Record extracts Block Start
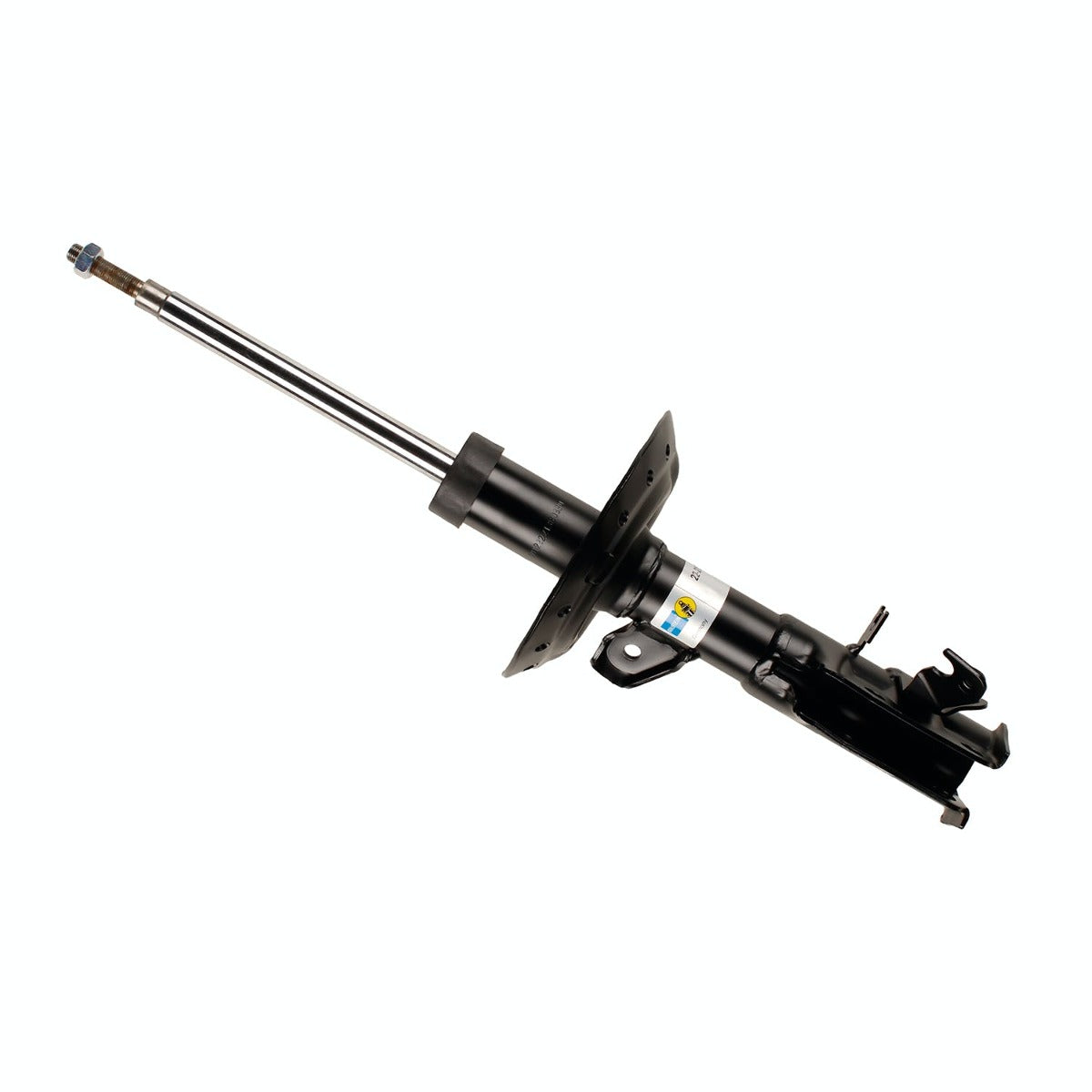 Bilstein 22-213808 B4 OE Replacement - Suspension Strut Assembly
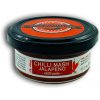 Chilli Manufaktura PASTA CHILLI MASH Jalapeno 50 g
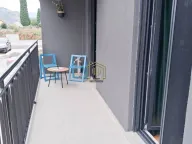 Rent, one bedroom apartment, 34m², Tološi, Podgorica - image 11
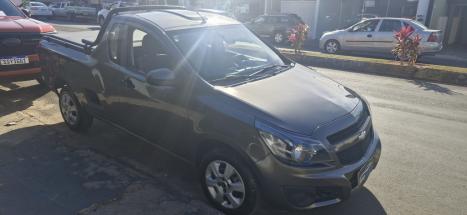 CHEVROLET Montana 1.4 FLEX LS, Foto 4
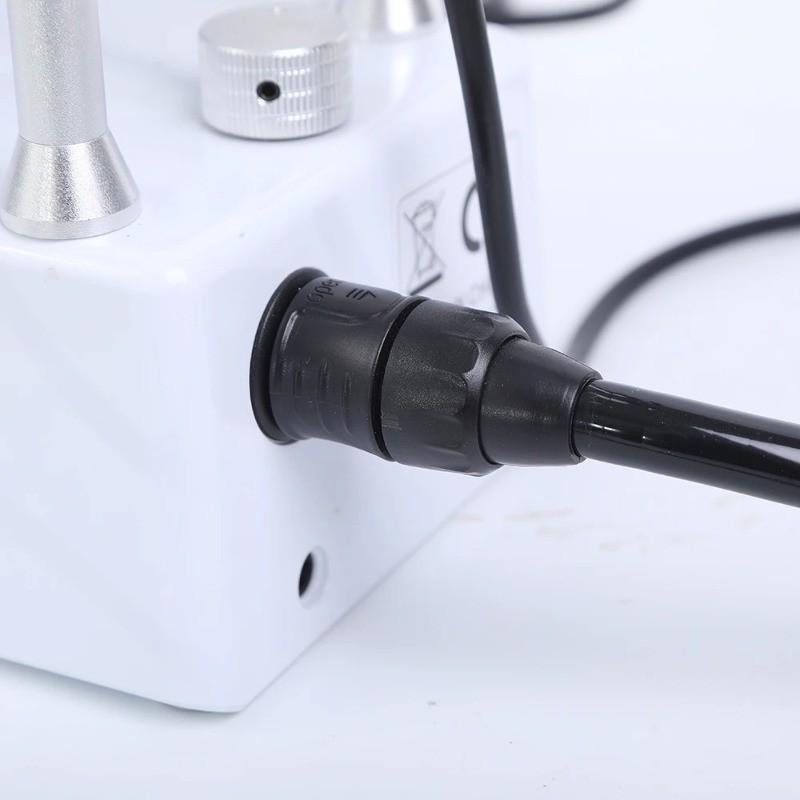 4-In-1 Facial Massage Device, Multi-Functional Beauty Tool, Body Firming and Lifting Spa Instrument, Professional Salon Equipment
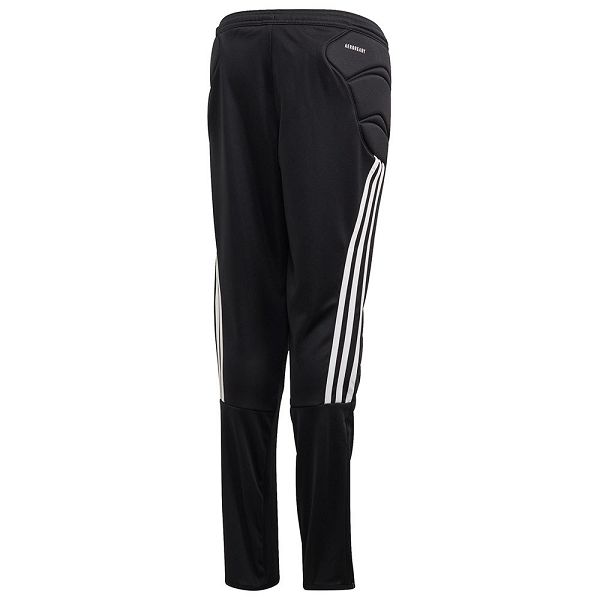 Black Kids' Adidas Tierro 13 Long Pants | 8072914-NH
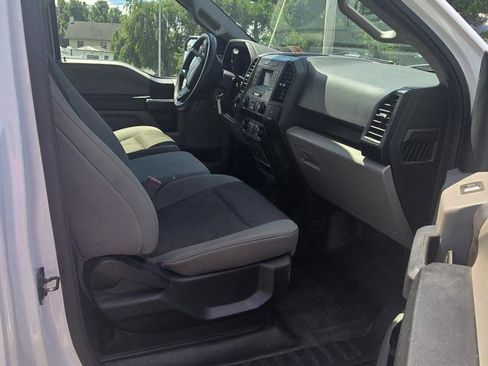 Used 2019 Ford F150 XL w/ Trailer Tow Package AWD/4WD image 9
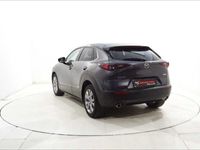 usata Mazda CX-30 2.0l skyactiv-g m hybrid 2wd executive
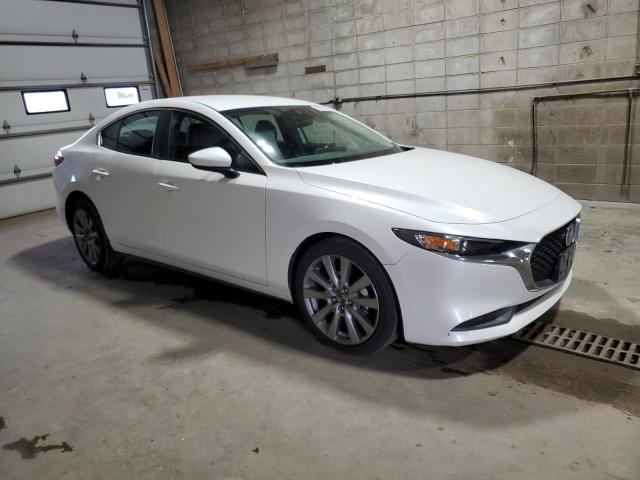 Photo 4 from auction – 2023 MAZDA 3 SELECT with VIN 3MZBPABMXPM361511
Record extracts Block End
Exercise objective - Every entry above should be given again exactly, with no images included.

Response for this exercise -
 Bilstein 22-213808 B4 OE Replacement - Suspension Strut Assembly
 Chilli Manufaktura PASTA CHILLI MASH Jalapeno 50 g
 Rent, one bedroom apartment, 34m², Tološi, Podgorica - image 11
 CHEVROLET Montana 1.4 FLEX LS, Foto 4
 4-In-1 Facial Massage Device, Multi-Functional Beauty Tool, Body Firming and Lifting Spa Instrument, Professional Salon Equipment
 Black Kids' Adidas Tierro 13 Long Pants | 8072914-NH
 Used 2019 Ford F150 XL w/ Trailer Tow Package AWD/4WD image 9
 usata Mazda CX-30 2.0l skyactiv-g m hybrid 2wd executive
 Photo 4 from auction – 2023 MAZDA 3 SELECT with VIN 3MZBPABMXPM361511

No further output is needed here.